25 Years after age-1: Genes, Interventions and the Revolution in Aging Research

Thomas E Johnson 1
PMCID: PMC3686982  NIHMSID: NIHMS461291  PMID: 23466302

Abstract

This communication will briefly review more than 30 years of research on aging using the nematode Caenorhabditis elegans (“The Worm”) as carried out in the labs of Tom Johnson. We will highlight research directions initiated in the 1980’s, which were exciting for those of us trying to turn over a new leaf in aging research. In this narrative, I will discuss primarily the science that I and my lab have been involved with for the last 30 years. This area has been fascinating to those studying the sociology of science as modern aging research has moved to replace the simplistic, poorly controlled and outright fictitious approaches seen in much of the previous aging research.

Initial Considerations

As requested, this communication will briefly review more than 30 years of research on aging using the nematode Caenorhabditis elegans (“The Worm”) as carried out in the labs of Tom Johnson.

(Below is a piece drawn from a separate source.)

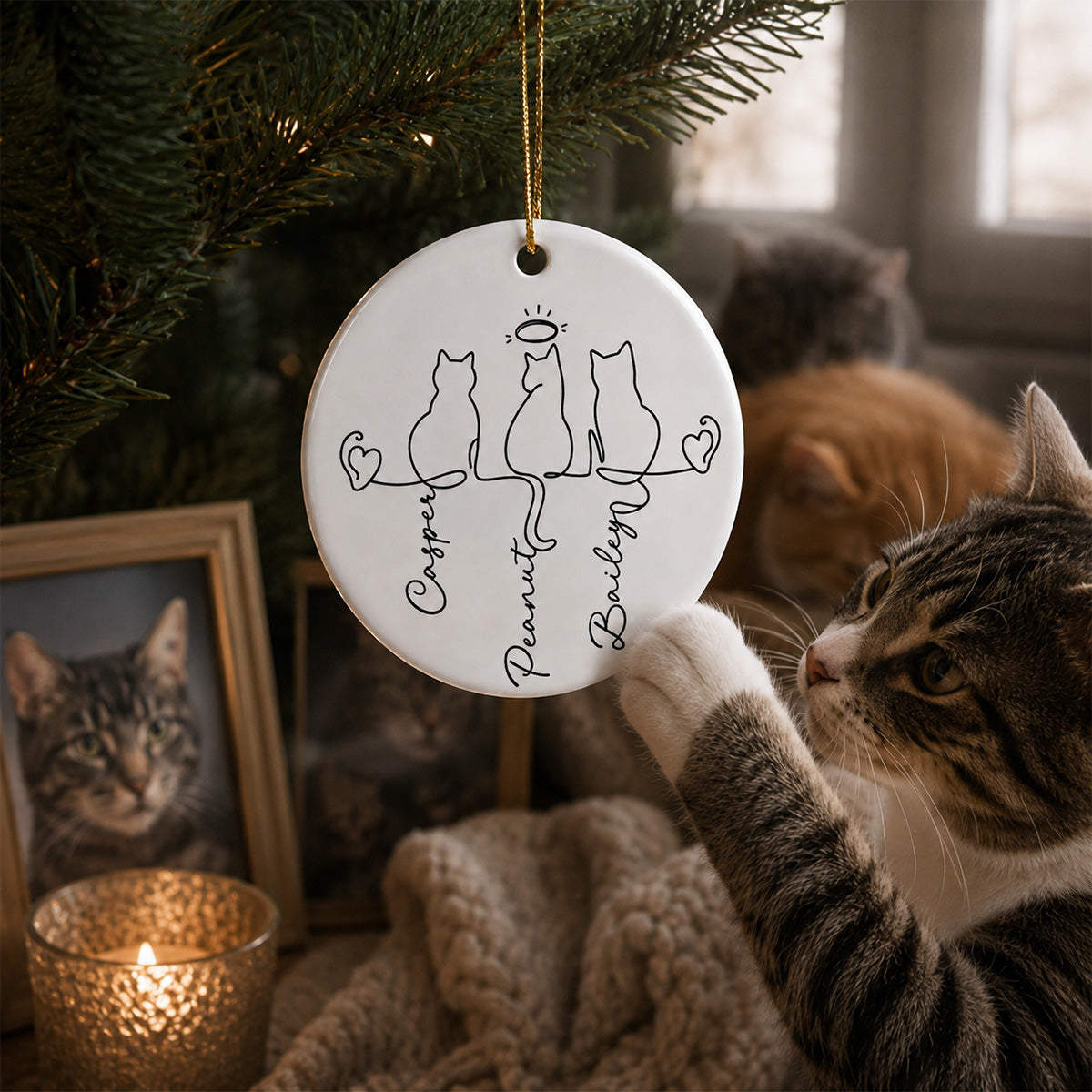 Cats Ornament - Personalized Ceramic Ornament - Cat Lover Gift, Pet Memorial Ornament, Cat Family Keepsake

We will highlight research directions initiated in the 1980’s, which were exciting for those of us trying to turn over a new leaf in aging research. In October of 1979, having recently received funding of a small NIH grant ($27,000 annually for 2 years), I began to work on aging while still a postdoc in the laboratory of Dr. William B Wood, at the University of Colorado, Boulder. Much of the initial work on the genetics of C. elegans was funded by the National Institute on Aging, which was founded in 1974, although it had little to do with aging. (Dr. Don Murphy, an NIA program director was responsible for much of this funding and has never been adequately acknowledged.) Few of the Principal Investigators of these grants were interested in aging and even fewer ever published papers in the aging field. Four exceptions to this trend were David Mitchell, David Hirsh (and Michael Klass), Dick Russell (and Lou Jacobson) and myself.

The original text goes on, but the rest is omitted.